The Bayesian structural model clarifies the main methodological challenge with decision records, incorporates additional information about the structure of the data-generating process, and has practical advantages. First, it makes the costs of (partial) aggregation transparent. As I discuss in detail, these costs include not estimable member-specific effects, an increase in posterior uncertainty, and, in some circumstances, an aggregation bias. These costs can be mitigated by including partially observed votes, which is computationally straightforward within the structural model but infeasible in a reduced-form model. Furthermore, the structural model allows the analyst to calculate vote-choice probabilities, which is also infeasible with a reduced-form model. Perhaps surprisingly, vote-choice probabilities are not linear functions of adoption probabilities. This is because adoption probabilities are conditional probabilities with respect to the institutional context, while vote-choice probabilities are unconditional probabilities. To the extent that the analyst aims to learn how observables are related to members’ vote choices or intends to make comparisons across institutional contexts, the structural model is a more suitable way of analyzing decision-record data. Finally, I also show that the correct reduced-form model is not necessarily the one that is typically estimated in practice.

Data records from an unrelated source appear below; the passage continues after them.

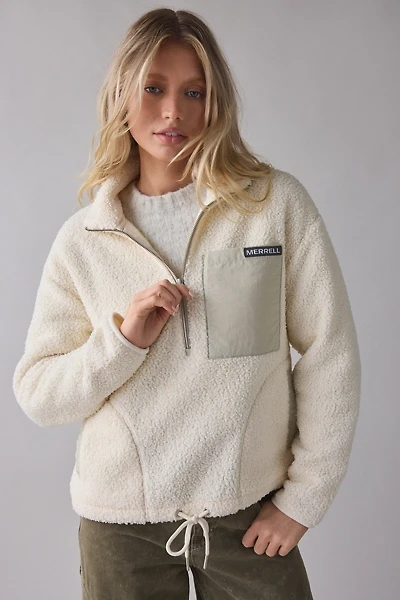 Merrell Senna Piled Fleece Quarter Zip Pullover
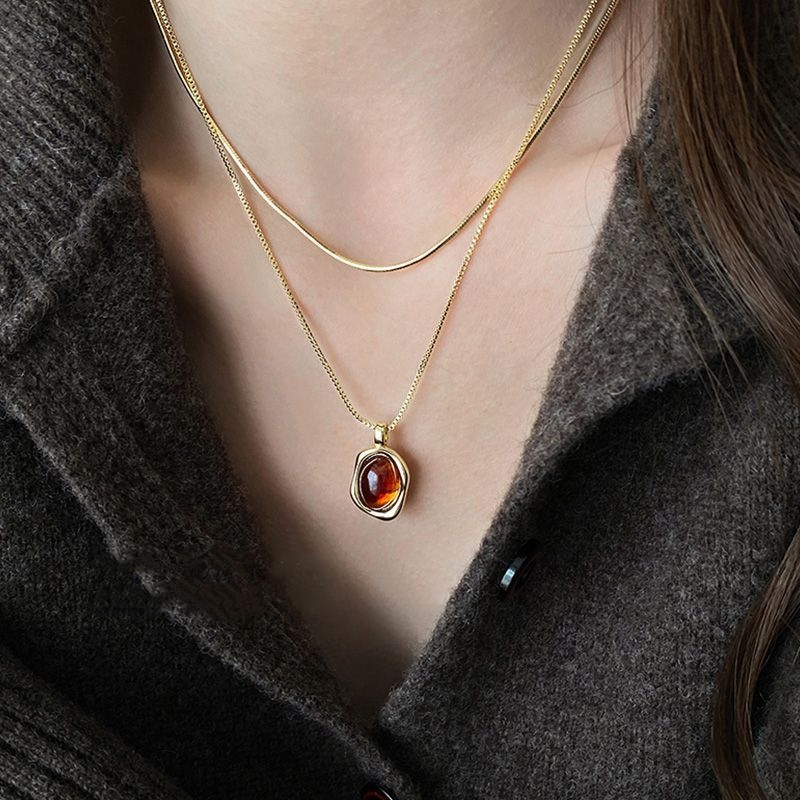Fashion Vintage Dubbellaags Na - Layered Pendant Necklace Aesthetic recensie en prijs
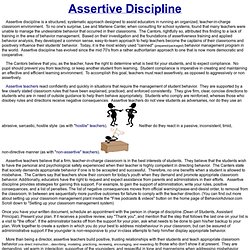 Child Discipline in the Classroom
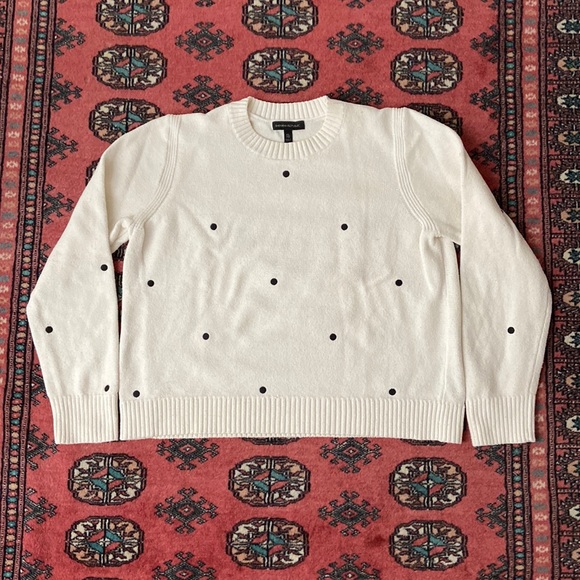 Banana Republic Polka Dot Cotton Sweater - Picture 1 of 8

I conduct Monte Carlo experiments to verify that the model works as expected, and I replicate a study by Caldarone et al. (Reference Caldarone, Canes-Wrone and Clark2009) on US state supreme courts to contrast the inference when a voting record is used with the inference when I artificially delete (a subset of) the recorded votes retaining the decision record. To highlight the advantages of the structural model relative to a reduced-form model, I return to the example of the UN Security Council and estimate whether a UN Security Council member is more likely to support the deployment of a UN Blue Helmet operation if it has strong trade relationships with the conflict location. I conclude this paper with a short discussion on the (types of) institutions for which one can successfully compile a decision record in the first place and then apply the partial m-probit.

1. Modeling decision records

I consider a setting with a committee of $M$ members ($i = 1,\; \ldots ,\; M$) and $J$ decisions ($j = 1,\; \ldots ,\; J$). A member's vote is a binary random variable, $y_{ij} \in \{ 0,\; 1\}$ corresponding to members’ binary vote choices to adopt or reject a proposal (no or yes). Crucially, the votes are not observed. The vote of each member is governed by a vector of $K$ covariates (observables), denoted ${\bf x}_{ij}$. While the analyst does not observe the votes, he or she observes the binary outcome of the voting, which I denote with $b_j \in \{ 0,\; 1\}$, where $b_j$ is zero if the proposal was rejected. A generic dataset that clarifies the notation appears in Table 1.

Table 1. A generic dataset for a committee with M members, having made J decisions

The observed decision outcome ($b_j$) is realized given a voting rule and the (unobserved) votes ($y_{ij}$). For each member–decision combination, there is a vector of covariates (${{\boldsymbol x}}_{ij}$).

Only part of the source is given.